The ideas you’re getting into here are strongly related to what I’ve called inter-subject connection density normalisation; I talk about it here, though you’re proposing augmentations thereof that I could not possibly have covered there.

tcksift2 trackfile.tck … sift_weightfactor.txt -act r5TT.nii -fd_scale_gm

If you’re using multi-shell HCP data, you shouldn’t use -fd_scale_gm; that heuristic is intended for cases where the non-zero GM signal artificially inflates the WM FOD size due to not having separate GM and WM compartments in the deconvolution.

My measure of brainwide streamline density is the mean of all edges in output_invnodevol.csv

I honestly … don’t quite know what to do with this. :exploding_head:

I hope it can be inferred from the article linked above that with appropriate inter-subject normalisation, one does indeed obtain an estimate of “total white matter connectivity” per subject that can be compared across subjects. One would expect this to be inflated in subjects with greater WM volume, greater fibre density per voxel, and additionally depends on the relative pathway lengths. But if, instead of simply summing FBC across all streamlines, you first compute ((2 x FBC) / (V1 + V2)), and then sum those values across all edges… I just don’t find that quantity to have a dimensionality that is amenable to a summation operation.

The whole “divide by node volumes” thing is IMO based on pretty naive logic: “bigger nodes will have more streamlines, so divide by the volume”. It’s based on more of an interpretation of probability of connectivity, rather than a density of connectivity (which is what the SIFT model aims for); I talk about that conflict a bit here, though I need to at some point finish a public-domain article where I’ll talk about that again.
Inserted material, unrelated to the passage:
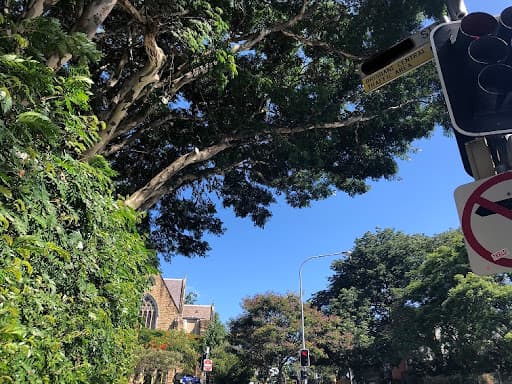 River City Trees — Customer photo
So using the two in conjunction in my own humble subjective opinion does not make a lot of sense.

My measure of brain size (quite indirectly) is the mean of (output_streamlineweights.csv divided by output_invnodevol.csv)

I think there’s maybe not been enough thought put into what’s actually being quantified here, prior to analysing the resulting values.
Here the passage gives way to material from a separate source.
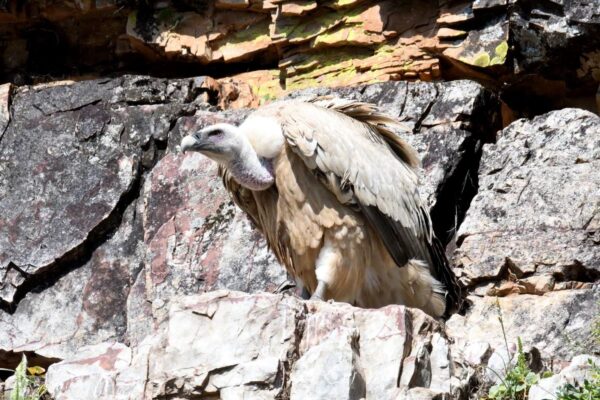 WhatsApp-Image-2025-05-07-at-21.03.10-3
For any given edge, the values of those two matrices is:

  • output_streamlineweights.csv: N (ignoring SIFT2 weights for simplicity)
  • output_invnodevol.csv: (2 x N) / (V1 + V2)

The value of their ratio is therefore (V1 + V2) / 2. By taking the mean of this across all edges, what you’re getting is precisely the average node volume. You could argue that average node volume is a reasonable proxy for brain volume, but the fact that it was obtained in such a roundabout way suggests that it wasn’t appreciated that this is what was going on.

These two measures correlate strongly inversely across subjects (R=-.85)

This depends a great deal on details of the tckgen call that are currently elided. This is another point that I aim to delve into further in a future article, so I’ll have to try to restrain myself here.

Let us pre-suppose that you generated for each subject a fixed total number of streamlines. Each subject has the same number of streamlines, regardless of brain volume. Let’s assume that 100% of streamlines contribute to the connectome in all subjects. And let’s assume, for the sake of simplicity, that streamlines are distributed precisely evenly across all edges in the connectome, regardless of brain size. If you generate 10M streamlines per subject, each edge contains N = (10M / (400 x 399 / 2)) = 125 streamlines; again, identical for all edges for all subjects.

Your “brainwide streamline density” is the mean of (2 x N / (V1 + V2)) across all edges.
Your “brain size” is the mean of ((V1 + V2) / 2).
Recall that N is a constant.
So ultimately what you’ve discovered is that if you perform a regression between a value and its own reciprocal, you get a strong negative correlation. :upside_down_face:
(It’s slightly more complicated in that the former is a sum of reciprocals rather than a reciprocal of sums, but the point stands)


I hope this pushes you in the right direction for a more thorough understanding of how these numerical manipulations influence the final observations.

Cheers
Rob

Thank you for the comprehensive reply, and the preprint paper really helped. In addition to what you’ve said so far, I realise we should’ve done intensity normalization, group average or single-subject response function, and multiplied streamline counts by the proportionality coefficient.